▶ WHAT THE TASK REQUIRES
From the listing below, output only the lines starting at the line that has "Knight Skull PNG" and ending at the line that has "Eric Burdon &", exactly as they appear, ends included.

Segment Start: INFORMATION SUPPLIED

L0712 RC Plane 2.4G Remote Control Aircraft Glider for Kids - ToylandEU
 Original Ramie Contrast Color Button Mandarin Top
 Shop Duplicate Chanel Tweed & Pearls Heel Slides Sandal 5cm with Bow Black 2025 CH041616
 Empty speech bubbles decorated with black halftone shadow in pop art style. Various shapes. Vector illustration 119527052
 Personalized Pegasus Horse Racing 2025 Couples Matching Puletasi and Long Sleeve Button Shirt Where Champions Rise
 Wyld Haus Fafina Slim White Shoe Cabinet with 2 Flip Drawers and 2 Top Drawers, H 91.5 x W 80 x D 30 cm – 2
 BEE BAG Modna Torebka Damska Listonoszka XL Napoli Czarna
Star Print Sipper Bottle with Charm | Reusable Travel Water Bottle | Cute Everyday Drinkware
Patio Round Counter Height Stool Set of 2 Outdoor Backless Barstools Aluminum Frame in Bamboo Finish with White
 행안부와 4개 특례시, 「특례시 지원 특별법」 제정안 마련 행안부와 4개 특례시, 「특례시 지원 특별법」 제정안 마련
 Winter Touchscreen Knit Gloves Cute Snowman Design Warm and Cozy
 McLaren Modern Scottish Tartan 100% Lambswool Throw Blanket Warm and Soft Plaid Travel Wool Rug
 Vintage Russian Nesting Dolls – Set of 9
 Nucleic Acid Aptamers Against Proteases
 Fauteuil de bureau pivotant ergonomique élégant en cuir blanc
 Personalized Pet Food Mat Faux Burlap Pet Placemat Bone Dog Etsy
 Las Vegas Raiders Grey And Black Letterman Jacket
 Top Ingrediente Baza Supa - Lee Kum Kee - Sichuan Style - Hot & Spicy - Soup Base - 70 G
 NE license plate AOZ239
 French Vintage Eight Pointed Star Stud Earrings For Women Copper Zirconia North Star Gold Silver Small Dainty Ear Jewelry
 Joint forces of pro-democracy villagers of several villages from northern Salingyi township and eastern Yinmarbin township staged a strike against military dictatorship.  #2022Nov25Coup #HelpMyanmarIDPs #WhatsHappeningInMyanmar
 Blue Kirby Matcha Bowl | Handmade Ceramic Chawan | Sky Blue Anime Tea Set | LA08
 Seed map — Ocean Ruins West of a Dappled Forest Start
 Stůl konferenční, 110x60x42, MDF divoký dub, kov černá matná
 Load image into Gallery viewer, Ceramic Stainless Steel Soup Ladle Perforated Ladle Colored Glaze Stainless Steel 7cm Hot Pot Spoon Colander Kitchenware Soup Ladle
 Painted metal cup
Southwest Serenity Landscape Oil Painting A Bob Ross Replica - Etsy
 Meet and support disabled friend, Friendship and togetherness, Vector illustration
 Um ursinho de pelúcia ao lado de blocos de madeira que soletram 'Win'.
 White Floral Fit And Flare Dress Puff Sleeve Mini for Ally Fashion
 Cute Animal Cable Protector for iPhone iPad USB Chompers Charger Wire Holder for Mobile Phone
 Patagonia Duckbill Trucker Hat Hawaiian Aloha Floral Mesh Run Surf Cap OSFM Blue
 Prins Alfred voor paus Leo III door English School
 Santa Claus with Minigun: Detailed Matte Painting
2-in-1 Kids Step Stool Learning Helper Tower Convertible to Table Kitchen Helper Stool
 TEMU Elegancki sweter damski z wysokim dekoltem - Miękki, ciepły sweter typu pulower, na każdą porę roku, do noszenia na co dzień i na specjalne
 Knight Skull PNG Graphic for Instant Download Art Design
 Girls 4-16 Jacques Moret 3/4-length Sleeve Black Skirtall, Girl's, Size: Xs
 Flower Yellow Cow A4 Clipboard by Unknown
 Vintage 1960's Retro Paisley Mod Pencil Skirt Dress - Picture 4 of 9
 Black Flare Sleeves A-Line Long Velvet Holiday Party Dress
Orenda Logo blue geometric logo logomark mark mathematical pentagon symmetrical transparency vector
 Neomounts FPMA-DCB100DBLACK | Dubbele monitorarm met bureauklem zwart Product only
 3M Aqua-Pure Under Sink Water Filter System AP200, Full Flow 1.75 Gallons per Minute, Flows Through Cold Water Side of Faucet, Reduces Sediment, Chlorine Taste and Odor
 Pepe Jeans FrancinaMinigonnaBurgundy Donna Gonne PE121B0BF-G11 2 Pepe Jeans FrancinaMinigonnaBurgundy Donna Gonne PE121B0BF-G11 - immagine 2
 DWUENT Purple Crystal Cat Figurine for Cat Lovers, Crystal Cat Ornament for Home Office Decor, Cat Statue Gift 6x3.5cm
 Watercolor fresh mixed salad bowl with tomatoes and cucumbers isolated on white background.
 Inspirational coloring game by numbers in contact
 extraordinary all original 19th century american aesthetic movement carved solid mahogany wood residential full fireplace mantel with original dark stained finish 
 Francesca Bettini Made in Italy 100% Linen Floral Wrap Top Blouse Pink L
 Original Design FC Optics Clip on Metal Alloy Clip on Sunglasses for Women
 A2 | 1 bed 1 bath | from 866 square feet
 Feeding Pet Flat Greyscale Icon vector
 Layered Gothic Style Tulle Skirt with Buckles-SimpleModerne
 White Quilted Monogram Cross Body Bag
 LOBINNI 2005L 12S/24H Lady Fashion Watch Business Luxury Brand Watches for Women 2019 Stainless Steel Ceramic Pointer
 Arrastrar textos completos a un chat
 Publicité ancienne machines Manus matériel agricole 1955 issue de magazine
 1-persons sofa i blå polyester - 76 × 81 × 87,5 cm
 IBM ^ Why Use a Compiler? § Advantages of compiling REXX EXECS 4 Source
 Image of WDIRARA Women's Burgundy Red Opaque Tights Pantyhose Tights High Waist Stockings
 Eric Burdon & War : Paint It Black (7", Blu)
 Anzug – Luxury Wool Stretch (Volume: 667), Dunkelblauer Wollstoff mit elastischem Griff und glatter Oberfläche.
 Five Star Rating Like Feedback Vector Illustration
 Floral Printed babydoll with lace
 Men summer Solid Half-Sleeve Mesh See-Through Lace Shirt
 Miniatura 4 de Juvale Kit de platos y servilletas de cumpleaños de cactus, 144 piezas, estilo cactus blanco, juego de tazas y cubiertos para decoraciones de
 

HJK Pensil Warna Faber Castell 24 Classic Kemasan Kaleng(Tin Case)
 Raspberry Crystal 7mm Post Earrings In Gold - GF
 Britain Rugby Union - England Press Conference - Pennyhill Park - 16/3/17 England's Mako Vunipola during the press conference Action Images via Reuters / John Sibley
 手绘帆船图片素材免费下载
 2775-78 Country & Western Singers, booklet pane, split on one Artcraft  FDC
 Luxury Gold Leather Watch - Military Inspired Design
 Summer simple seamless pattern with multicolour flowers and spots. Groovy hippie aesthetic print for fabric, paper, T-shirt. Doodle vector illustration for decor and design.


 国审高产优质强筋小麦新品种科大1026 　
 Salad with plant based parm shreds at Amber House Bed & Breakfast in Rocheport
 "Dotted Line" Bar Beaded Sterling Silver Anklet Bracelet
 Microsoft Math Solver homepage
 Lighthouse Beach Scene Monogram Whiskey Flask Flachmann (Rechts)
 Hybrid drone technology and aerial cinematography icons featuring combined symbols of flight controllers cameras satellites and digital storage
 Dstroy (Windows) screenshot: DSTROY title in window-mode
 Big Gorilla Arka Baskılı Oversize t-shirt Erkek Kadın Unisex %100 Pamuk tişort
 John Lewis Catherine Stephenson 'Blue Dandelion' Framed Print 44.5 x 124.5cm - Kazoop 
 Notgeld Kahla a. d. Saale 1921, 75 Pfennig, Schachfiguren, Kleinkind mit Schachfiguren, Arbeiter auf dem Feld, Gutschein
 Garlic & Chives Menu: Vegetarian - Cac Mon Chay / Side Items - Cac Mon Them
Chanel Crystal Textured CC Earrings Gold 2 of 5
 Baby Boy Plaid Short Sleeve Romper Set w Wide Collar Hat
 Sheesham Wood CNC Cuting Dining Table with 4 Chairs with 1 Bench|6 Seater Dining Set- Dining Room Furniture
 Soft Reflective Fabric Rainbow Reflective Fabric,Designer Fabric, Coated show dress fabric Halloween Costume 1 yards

Segment End: INFORMATION SUPPLIED

▶ EXERCISE OUTPUT
 Knight Skull PNG Graphic for Instant Download Art Design
 Girls 4-16 Jacques Moret 3/4-length Sleeve Black Skirtall, Girl's, Size: Xs
 Flower Yellow Cow A4 Clipboard by Unknown
 Vintage 1960's Retro Paisley Mod Pencil Skirt Dress - Picture 4 of 9
 Black Flare Sleeves A-Line Long Velvet Holiday Party Dress
Orenda Logo blue geometric logo logomark mark mathematical pentagon symmetrical transparency vector
 Neomounts FPMA-DCB100DBLACK | Dubbele monitorarm met bureauklem zwart Product only
 3M Aqua-Pure Under Sink Water Filter System AP200, Full Flow 1.75 Gallons per Minute, Flows Through Cold Water Side of Faucet, Reduces Sediment, Chlorine Taste and Odor
 Pepe Jeans FrancinaMinigonnaBurgundy Donna Gonne PE121B0BF-G11 2 Pepe Jeans FrancinaMinigonnaBurgundy Donna Gonne PE121B0BF-G11 - immagine 2
 DWUENT Purple Crystal Cat Figurine for Cat Lovers, Crystal Cat Ornament for Home Office Decor, Cat Statue Gift 6x3.5cm
 Watercolor fresh mixed salad bowl with tomatoes and cucumbers isolated on white background.
 Inspirational coloring game by numbers in contact
 extraordinary all original 19th century american aesthetic movement carved solid mahogany wood residential full fireplace mantel with original dark stained finish 
 Francesca Bettini Made in Italy 100% Linen Floral Wrap Top Blouse Pink L
 Original Design FC Optics Clip on Metal Alloy Clip on Sunglasses for Women
 A2 | 1 bed 1 bath | from 866 square feet
 Feeding Pet Flat Greyscale Icon vector
 Layered Gothic Style Tulle Skirt with Buckles-SimpleModerne
 White Quilted Monogram Cross Body Bag
 LOBINNI 2005L 12S/24H Lady Fashion Watch Business Luxury Brand Watches for Women 2019 Stainless Steel Ceramic Pointer
 Arrastrar textos completos a un chat
 Publicité ancienne machines Manus matériel agricole 1955 issue de magazine
 1-persons sofa i blå polyester - 76 × 81 × 87,5 cm
 IBM ^ Why Use a Compiler? § Advantages of compiling REXX EXECS 4 Source
 Image of WDIRARA Women's Burgundy Red Opaque Tights Pantyhose Tights High Waist Stockings
 Eric Burdon & War : Paint It Black (7", Blu)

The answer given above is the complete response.